08 TL-S Idle Issues After Valve Adjustment
08 TL-S Idle Issues After Valve Adjustment
Hi all,
I completed a full valve adjustment on my 08 TL-S this weekend, and I've been having a really odd idle issue ever since. I'm hoping someone here has experienced this issue and has some insight.
The issue: When I crank the car, it will start at ~15-1600 RPM then drop to 8-900 RPM at idle, but it will ramp down very slowly (10 seconds or so). When I rev the car in park or neutral, it will drop rapidly to roughly 900 RPM then fluctuate back up and down quickly to 1000-1200 RPM until it will finally settle at 8-900 RPM (5 seconds or so, sometimes longer). When I put the car into gear and just let off the brake, after a few seconds the RPM will climb without any throttle input whatsoever to ~14-1500RPM, taking the car up to 5-10 MPH while not even touching the throttle (not a normal low idle converter roll). This is especially unnerving when coming to a stop, as the car will try to keep going for a split second without throttle input. It will also shift roughly into first when coming to a stop due to the elevated idle. If I have the car in park or neutral and pump the brakes, idle will climb to right at 1000 RPM. When I stop pumping, it will drop back down to the 8-900RPM idle.

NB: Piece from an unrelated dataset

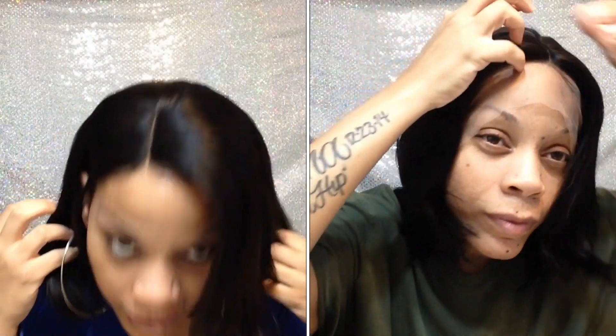I did cut off the lace — it did come with lace. There are four combs in it and the cap size is medium to small in my opinion, but I got it on my head so it's not too bad. This is what the parting space is looking like.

Everything about this screams vacuum leak to me. So, what have I tried? Quadruple checked every vacuum line I removed to remove the intake/valve covers (all 5 of them). Looked for cracks in hoses or improperly seated fittings/clamps. I even removed each vacuum line independently while the car was running to see if I could zero in on the tube which might be causing problems. No luck - all of them when removed cause a much more severe high idle than what I have. I've checked my intake boot / airbox for cracking or leaks and I'm not seeing anything there. The filter is freshly cleaned/oiled. I have re-set the ECM 3 times. When I had the car apart originally, I did clean the throttle body. I did not move the butterfly until after the battery was disconnected and the TB was disconnected from the car. I did notice that the throttle body does have a decent gap when in it's idle condition, and I'm kind of wondering if my thorough cleaning is leading to too much airflow at idle now (the gap was pretty gunked up before). I know it's not the APP sensor, as I just replaced it <500 miles ago and the symptoms are the same with both the new and old sensor installed. I have no codes displayed. When I disconnect the evap canister purge control valve I get the P0443 fault, but it makes no difference for any of the symptoms. I've connected/disconnected the intake bypass valve with no difference in results. When the intake was off I replaced all valve cover gaskets as well as the lower intake manifold gasket with Acura OEM hardware. I did not replace the upper manifold gasket as it was in good shape and still had good recovery when uncompressed. I also did not replace the TB gasket, as it was in good shape, and I've read many say not to. I have the gaskets in the garage for both of these, so I could try replacing these and see what happens I guess. I know the valves are in spec - not my first rodeo doing valve work.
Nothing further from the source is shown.